*** Opening of Collected material ***

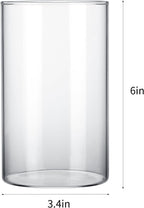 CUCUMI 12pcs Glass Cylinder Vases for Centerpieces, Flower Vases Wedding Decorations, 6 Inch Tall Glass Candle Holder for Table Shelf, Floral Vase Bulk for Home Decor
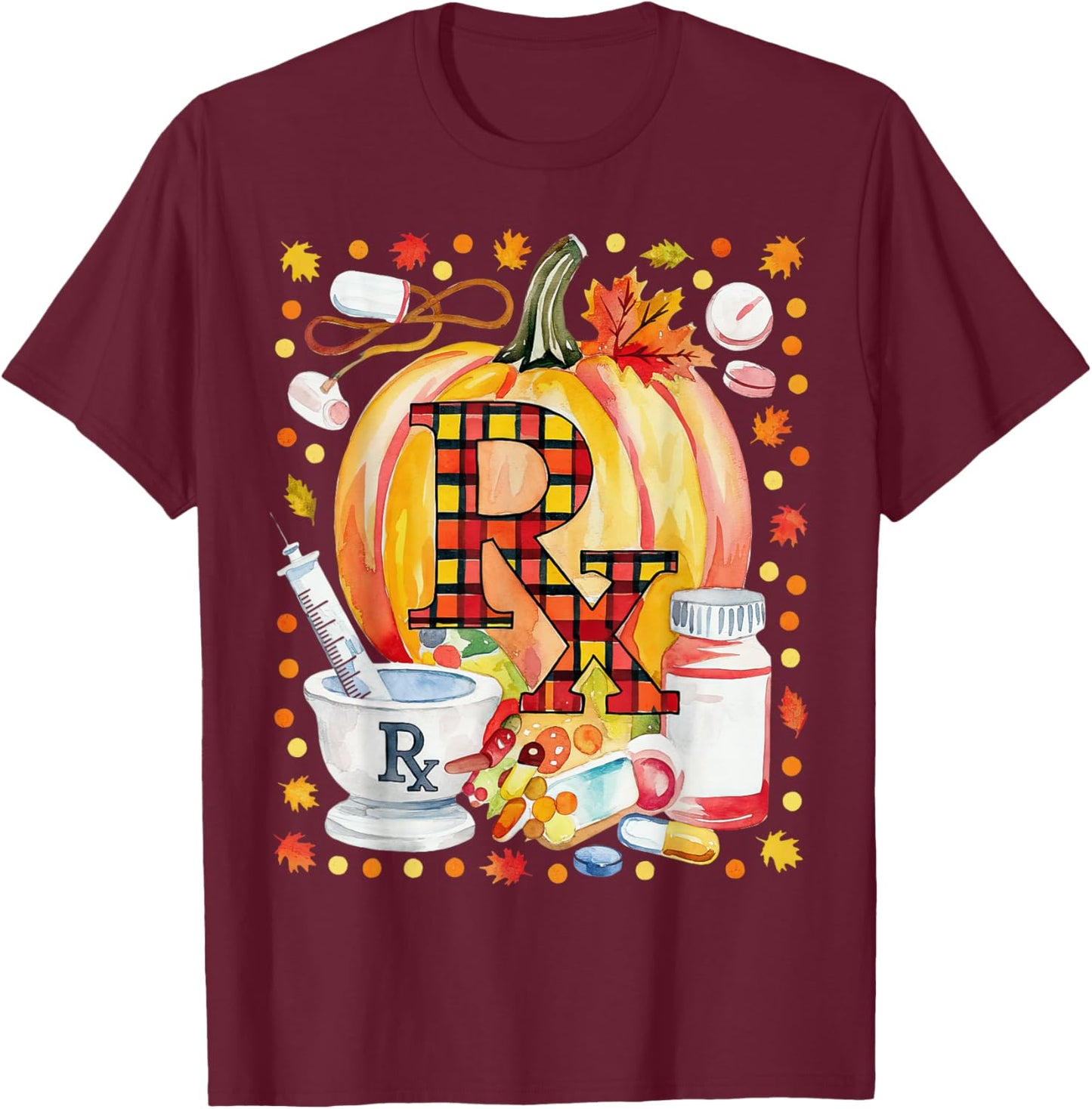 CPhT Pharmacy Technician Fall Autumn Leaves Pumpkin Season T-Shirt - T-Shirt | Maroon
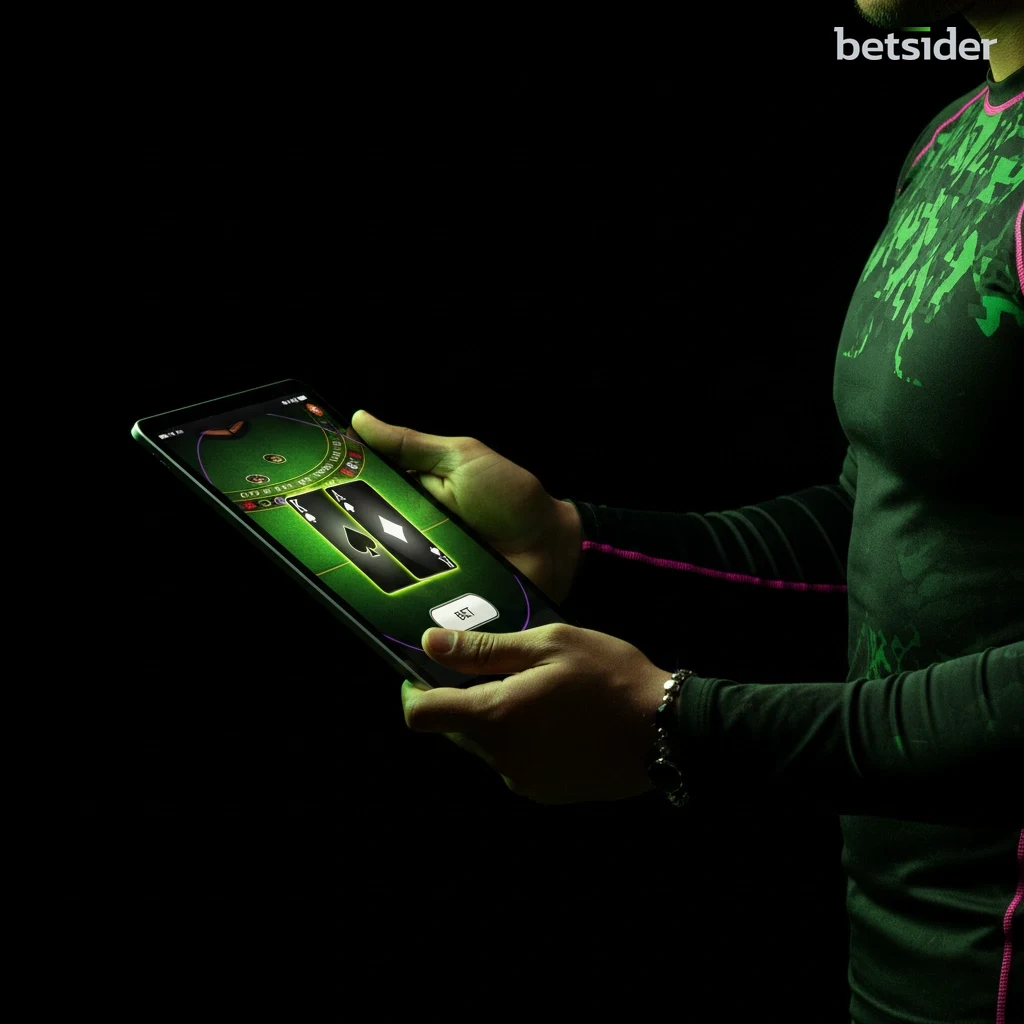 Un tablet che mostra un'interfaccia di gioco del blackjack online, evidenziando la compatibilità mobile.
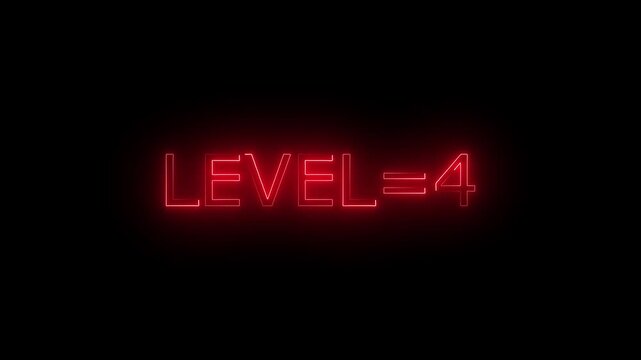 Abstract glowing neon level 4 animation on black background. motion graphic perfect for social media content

*** Close of Collected material ***

The data must be repeated exactly. Any pictures in it are to be left out.

 CUCUMI 12pcs Glass Cylinder Vases for Centerpieces, Flower Vases Wedding Decorations, 6 Inch Tall Glass Candle Holder for Table Shelf, Floral Vase Bulk for Home Decor
 CPhT Pharmacy Technician Fall Autumn Leaves Pumpkin Season T-Shirt - T-Shirt | Maroon
 Un tablet che mostra un'interfaccia di gioco del blackjack online, evidenziando la compatibilità mobile.
 Abstract glowing neon level 4 animation on black background. motion graphic perfect for social media content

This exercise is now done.